Other types of interaction experiments include epitope mapping, whereby after capture of the protein of interest to the bait antibody, the complex is selectively digested, then washed to reveal the specific epitope sequence of the interaction and selective point mutation to demonstrate relative influence of specific amino acid residues within a binding site. This technology can be applied to modulation of off-site toxicity of peptide or protein therapeutics.
"I also wish to stress our efforts in the Equalizer Bead Technology," continues Dr. Lomas. "The technique utilizes a combinatorial chemistry approach to generate affinity libraries of vast diversity. Each bead contains many copies of a single peptide ligand, used to selectively concentrate lower abundance proteins while removing the excess high abundant proteins. This approach increases the number of detectable proteins by threefold."
Ciphergen has used this technology to identify several putative markers for ovarian cancer in serum samples from patients. These biomarkers form a panel currently under study in a large group of ovarian cancer patients.
Whither Epitope Tags?
While the use of epitope tags is providing a powerful infusion of energy into the study of vital signaling proteins and leading to new ways of blocking disease-causing signals, it is important to add a cautionary note. The assumption is made that the tag is a neutral addition to the proteins under investigation and will not affect their movement, binding, or localization in the cell. This assumption, of course, lies at the heart of the epitope-tagging technology, since if the tags change the performance of the proteins under consideration, the investigator could be led to erroneous conclusions.
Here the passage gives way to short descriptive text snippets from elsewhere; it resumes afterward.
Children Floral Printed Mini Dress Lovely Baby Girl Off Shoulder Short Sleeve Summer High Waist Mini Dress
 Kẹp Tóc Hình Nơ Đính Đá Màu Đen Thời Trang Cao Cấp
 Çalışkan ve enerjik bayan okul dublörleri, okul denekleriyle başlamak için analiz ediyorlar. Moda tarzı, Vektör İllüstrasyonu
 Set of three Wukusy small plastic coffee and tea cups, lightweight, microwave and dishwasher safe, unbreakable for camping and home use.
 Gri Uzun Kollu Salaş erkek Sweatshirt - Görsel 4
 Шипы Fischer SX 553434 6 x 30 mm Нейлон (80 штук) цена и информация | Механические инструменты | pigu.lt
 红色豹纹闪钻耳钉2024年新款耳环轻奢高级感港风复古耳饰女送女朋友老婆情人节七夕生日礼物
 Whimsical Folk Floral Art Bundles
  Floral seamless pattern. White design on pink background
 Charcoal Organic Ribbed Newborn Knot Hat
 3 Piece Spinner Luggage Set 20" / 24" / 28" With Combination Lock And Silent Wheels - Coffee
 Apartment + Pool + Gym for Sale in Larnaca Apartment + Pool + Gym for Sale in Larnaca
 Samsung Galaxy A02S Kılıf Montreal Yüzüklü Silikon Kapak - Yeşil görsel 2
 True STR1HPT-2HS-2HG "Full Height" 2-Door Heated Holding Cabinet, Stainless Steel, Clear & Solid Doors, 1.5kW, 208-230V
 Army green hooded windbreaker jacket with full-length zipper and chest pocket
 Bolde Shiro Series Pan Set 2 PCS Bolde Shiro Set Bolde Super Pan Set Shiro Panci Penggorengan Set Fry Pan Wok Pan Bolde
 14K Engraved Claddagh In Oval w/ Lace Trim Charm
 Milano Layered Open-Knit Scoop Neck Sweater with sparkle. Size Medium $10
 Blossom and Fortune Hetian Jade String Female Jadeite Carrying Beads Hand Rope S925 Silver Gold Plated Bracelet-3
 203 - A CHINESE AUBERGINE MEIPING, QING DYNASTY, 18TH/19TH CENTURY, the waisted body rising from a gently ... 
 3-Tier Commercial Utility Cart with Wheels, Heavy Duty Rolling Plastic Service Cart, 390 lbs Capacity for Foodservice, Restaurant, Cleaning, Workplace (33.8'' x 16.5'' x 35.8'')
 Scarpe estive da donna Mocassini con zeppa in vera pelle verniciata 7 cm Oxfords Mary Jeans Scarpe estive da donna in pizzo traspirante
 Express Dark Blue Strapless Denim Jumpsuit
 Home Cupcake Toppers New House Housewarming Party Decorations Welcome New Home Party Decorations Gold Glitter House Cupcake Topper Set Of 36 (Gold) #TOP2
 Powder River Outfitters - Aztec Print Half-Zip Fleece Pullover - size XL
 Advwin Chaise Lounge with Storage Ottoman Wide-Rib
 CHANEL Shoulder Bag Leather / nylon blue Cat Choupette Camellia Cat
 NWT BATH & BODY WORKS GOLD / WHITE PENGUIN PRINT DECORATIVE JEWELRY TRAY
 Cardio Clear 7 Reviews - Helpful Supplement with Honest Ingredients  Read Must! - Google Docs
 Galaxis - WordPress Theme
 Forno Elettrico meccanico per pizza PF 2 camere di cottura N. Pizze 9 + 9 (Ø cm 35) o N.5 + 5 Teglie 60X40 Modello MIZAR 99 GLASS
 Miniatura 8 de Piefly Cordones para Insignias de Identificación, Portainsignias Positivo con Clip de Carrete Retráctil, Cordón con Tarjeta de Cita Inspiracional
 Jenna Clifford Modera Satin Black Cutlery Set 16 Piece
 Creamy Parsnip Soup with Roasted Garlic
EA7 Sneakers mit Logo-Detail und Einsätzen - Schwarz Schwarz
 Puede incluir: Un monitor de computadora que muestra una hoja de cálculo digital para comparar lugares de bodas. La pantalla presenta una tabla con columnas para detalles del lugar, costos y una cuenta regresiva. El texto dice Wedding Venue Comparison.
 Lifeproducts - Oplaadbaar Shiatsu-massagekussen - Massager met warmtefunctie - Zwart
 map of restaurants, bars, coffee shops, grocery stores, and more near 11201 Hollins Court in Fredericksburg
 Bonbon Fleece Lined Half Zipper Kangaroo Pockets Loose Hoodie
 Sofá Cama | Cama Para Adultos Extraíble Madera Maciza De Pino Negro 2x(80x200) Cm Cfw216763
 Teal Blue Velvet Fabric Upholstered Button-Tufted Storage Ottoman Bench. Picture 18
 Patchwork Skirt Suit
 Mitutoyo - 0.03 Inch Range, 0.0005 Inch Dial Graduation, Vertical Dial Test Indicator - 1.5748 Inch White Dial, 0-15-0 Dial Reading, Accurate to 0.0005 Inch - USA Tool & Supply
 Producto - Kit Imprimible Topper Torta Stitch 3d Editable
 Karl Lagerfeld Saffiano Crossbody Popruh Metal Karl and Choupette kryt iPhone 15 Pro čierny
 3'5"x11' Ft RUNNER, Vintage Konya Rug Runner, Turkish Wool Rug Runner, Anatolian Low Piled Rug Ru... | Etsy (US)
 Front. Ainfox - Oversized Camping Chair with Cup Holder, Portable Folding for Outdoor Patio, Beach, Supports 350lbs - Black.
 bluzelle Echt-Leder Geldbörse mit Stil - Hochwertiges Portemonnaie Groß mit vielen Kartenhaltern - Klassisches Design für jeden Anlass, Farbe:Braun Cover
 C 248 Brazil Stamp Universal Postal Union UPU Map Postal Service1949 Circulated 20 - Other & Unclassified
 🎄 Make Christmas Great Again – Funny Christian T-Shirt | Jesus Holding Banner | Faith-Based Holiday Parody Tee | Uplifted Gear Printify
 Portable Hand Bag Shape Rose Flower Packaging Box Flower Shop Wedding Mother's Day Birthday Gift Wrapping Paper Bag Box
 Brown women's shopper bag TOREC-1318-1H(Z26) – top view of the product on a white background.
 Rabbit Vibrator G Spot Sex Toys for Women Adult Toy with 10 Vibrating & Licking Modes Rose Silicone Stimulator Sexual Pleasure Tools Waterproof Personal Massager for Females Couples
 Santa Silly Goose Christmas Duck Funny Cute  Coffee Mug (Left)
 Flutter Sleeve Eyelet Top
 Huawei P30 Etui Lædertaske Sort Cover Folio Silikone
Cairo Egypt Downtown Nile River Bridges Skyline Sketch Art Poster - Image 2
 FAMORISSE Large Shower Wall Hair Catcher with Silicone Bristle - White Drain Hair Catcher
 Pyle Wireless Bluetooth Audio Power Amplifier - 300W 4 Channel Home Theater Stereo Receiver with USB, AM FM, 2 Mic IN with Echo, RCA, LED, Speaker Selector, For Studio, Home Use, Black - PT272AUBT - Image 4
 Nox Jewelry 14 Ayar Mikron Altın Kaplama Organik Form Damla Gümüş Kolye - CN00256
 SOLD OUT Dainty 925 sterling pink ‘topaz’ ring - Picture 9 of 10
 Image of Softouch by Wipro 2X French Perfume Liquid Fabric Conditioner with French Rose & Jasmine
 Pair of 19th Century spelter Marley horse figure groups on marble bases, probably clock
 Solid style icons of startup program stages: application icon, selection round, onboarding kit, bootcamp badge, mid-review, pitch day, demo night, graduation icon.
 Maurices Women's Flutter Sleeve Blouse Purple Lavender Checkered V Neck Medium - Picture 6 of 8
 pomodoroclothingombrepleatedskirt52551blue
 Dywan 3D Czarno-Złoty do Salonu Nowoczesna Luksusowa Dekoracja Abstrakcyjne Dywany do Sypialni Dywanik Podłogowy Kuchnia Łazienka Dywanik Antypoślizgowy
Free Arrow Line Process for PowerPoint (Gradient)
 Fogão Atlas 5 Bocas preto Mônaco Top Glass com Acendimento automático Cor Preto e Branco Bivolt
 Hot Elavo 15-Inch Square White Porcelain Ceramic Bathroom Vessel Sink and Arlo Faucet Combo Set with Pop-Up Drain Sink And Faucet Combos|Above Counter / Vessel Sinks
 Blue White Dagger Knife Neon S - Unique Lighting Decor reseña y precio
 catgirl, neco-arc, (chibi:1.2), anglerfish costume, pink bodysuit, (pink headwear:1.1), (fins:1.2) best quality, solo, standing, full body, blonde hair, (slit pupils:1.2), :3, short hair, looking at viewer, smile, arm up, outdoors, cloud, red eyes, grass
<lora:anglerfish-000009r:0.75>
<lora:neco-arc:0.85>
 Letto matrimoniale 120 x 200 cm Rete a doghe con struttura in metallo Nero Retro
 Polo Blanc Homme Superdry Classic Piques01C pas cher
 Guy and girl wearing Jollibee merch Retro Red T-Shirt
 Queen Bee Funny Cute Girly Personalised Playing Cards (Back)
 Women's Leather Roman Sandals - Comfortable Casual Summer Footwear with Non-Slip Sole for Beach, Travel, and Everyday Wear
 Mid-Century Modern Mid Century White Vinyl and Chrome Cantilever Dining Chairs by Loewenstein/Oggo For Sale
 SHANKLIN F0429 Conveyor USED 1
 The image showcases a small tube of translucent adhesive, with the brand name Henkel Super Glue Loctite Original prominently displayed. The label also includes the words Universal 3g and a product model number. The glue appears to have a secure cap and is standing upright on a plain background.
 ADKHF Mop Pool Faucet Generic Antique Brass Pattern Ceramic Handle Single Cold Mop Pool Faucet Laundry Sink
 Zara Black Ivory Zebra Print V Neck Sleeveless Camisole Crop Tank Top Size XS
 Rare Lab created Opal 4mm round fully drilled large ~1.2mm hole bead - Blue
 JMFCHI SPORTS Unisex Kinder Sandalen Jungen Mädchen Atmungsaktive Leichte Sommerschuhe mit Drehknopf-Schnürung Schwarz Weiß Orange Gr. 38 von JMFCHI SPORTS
However, studies using epitope tags on the human gonadotrophin-releasing hormone receptor have demonstrated that epitope tagging alters its cellular localization and can obscure the effects of other mutations on this vital protein. While it is widely held that mutations occurring in human patients cause the receptor to be misrouted to the plasma membrane, this effect is suppressed by epitope tagging.
This observation has caused some molecular endocrinologists to accept a false conclusion, namely that mutations in the gonadotrophin receptor do not cause mis-direction of the receptor within the cell. Thus it is critical that these limitations of the technology be taken into account and controlled for. Otherwise companies in search of new drugs affecting cellular signaling may find themselves led down blind alleys.